Cinema social. A palavra poderia prestar-se a um mundo de quiproquós, a fim de que diferentes gatos se misturassem no mesmo saco. Mas quando a projeção de “Tire Die” se iniciou, a natural expectativa cedeu pouco a pouco lugar á surpresa. Aquilo não era possível acontecer na Argentina, país com um passado cinematografico pouco encorajador, modernamente revivido em exercícios mais ou menos pueris de alguns autores incapazes de disfarçar a mágoa de não terem nascido em Paris. E, no entanto, ali estava a coisa diante de nossos olhos. Pela primeira vez uma obra de arte cinematografica produzida na América do Sul era sul-americana. Pela primeira vez, e num filme, o homem deste continente, isto é, o homem-maioria, o “lado de lá” desses milhões de individuos cujos direitos a uma vida digna foram retirados desde os tempos de Cortez, tinha lugar numa película.

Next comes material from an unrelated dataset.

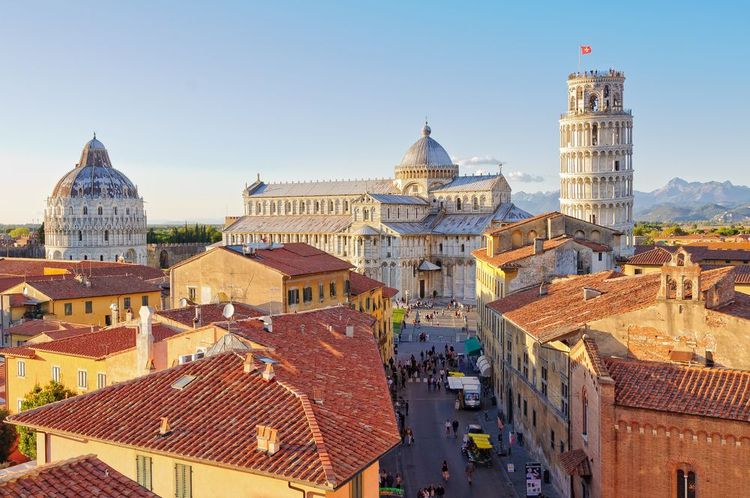Vue sur la Piazza del Duomo à Pise.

Defensores de um cinema que se integre com as contingencias de uma realidade específica, seduziu-nos na fita este seu poder de transcendencia continental, poder cuja ausencia redundaria — como numerosas vezes ocorre entre nós e alhures — no mero registro do insólito ou, quando muito, na constatação mais ou menos complacente.
“Tire Die” é, antes de mais nada, o que se poderia chamar de um filme voltado de dentro para fora. Se fôr verdadeira a afirmação de Cavalcanti de que “deve ser inculcada nos neófitos a consciencia do papel do cinema, da sua responsabilidade para com o público”, o filme de Birri é, a nosso ver, o seu mais perfeito exemplo e o único. Em tudo e por tudo “Tire Die” é, ele sim, um filme insolito. Nele, o conceito de documentario adquire um sentido novo, ou melhor, carrega-se de sentido e, a partir deste filme, já não será possível sustentar concepções ultrapassadas sobre sua estrutura, sua concepção, seus objetivos e — somos forçados a dizê-lo — seu conteudo. Já não será possível, a partir de “Tire Die”, rotular como documentaristas a turismos mais ou menos virtuosisticos nem filmes que revelem abordagens intelectualizadas, frias, personalizadas, de determinados problemas socialmente reconhecidos como urgentes. Principalmente, não será mais possível fazer, em sã consciencia, filmes “neutros” e confusos. E confusos porque neutros. Pois “Tire Die” é um filme claro. Violentamente claro.
Sua clareza e seu dinamismo intrínseco provêm do proprio roteiro, realizado com base numa estrutura dialetica entre as imagens e entre estas e a faixa sonora. O resultado é um quase didatismo. A camera capta primeiro a realidade tal como ela se apresenta, em seguida separa seus elementos de acordo com sua relação causal; som (direto e narração) e imagem fundem-se a seguir na operação de ascensão até as causas primeiras, globais, nas quais o fato particular (embora diga respeito a uma pluralidade de elementos humanos) se inscreve no contexto social nacional e, por natureza e extensão, continental.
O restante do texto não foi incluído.